Return exactly the lines below, starting with the one that has "Mushfiqur Rahim looks" and going on through the one that has "104 Alpena Trail, Houghton Lake, MI 48629".
-------- Extracted information --------
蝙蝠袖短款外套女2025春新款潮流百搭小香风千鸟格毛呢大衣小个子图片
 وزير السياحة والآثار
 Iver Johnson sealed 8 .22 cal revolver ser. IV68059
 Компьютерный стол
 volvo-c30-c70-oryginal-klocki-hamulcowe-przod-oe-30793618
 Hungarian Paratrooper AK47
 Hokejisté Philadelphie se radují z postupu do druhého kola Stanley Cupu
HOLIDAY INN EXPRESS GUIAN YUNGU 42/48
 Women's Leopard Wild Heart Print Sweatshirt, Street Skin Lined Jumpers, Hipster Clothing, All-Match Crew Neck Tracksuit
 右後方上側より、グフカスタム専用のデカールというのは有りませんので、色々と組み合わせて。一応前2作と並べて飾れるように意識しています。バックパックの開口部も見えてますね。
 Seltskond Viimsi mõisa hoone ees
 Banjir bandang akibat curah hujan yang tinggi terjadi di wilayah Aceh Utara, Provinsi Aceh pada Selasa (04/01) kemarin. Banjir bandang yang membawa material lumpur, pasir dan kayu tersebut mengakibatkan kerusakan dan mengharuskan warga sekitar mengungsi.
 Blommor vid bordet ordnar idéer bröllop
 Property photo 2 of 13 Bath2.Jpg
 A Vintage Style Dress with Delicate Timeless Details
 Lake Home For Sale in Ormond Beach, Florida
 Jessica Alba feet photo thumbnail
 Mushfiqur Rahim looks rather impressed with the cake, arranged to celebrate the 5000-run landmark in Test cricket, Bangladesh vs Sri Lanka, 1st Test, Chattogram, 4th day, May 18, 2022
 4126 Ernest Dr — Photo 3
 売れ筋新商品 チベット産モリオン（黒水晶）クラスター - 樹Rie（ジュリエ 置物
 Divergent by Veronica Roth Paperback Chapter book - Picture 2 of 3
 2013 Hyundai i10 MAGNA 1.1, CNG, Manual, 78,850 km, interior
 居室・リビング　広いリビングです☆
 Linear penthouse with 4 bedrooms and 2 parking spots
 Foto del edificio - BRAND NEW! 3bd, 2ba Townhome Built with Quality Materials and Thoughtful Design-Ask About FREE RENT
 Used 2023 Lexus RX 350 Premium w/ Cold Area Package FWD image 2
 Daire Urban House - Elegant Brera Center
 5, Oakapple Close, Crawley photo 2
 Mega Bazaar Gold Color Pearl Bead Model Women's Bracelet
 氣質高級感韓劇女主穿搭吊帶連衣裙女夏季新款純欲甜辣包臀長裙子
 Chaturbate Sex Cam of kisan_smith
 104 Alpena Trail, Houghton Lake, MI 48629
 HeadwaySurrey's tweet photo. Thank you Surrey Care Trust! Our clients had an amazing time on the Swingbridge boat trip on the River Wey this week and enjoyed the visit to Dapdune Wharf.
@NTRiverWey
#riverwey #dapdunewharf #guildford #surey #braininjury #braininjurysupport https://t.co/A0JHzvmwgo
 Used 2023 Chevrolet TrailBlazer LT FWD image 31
--------
● **Exercise answer**
 Mushfiqur Rahim looks rather impressed with the cake, arranged to celebrate the 5000-run landmark in Test cricket, Bangladesh vs Sri Lanka, 1st Test, Chattogram, 4th day, May 18, 2022
 4126 Ernest Dr — Photo 3
 売れ筋新商品 チベット産モリオン（黒水晶）クラスター - 樹Rie（ジュリエ 置物
 Divergent by Veronica Roth Paperback Chapter book - Picture 2 of 3
 2013 Hyundai i10 MAGNA 1.1, CNG, Manual, 78,850 km, interior
 居室・リビング　広いリビングです☆
 Linear penthouse with 4 bedrooms and 2 parking spots
 Foto del edificio - BRAND NEW! 3bd, 2ba Townhome Built with Quality Materials and Thoughtful Design-Ask About FREE RENT
 Used 2023 Lexus RX 350 Premium w/ Cold Area Package FWD image 2
 Daire Urban House - Elegant Brera Center
 5, Oakapple Close, Crawley photo 2
 Mega Bazaar Gold Color Pearl Bead Model Women's Bracelet
 氣質高級感韓劇女主穿搭吊帶連衣裙女夏季新款純欲甜辣包臀長裙子
 Chaturbate Sex Cam of kisan_smith
 104 Alpena Trail, Houghton Lake, MI 48629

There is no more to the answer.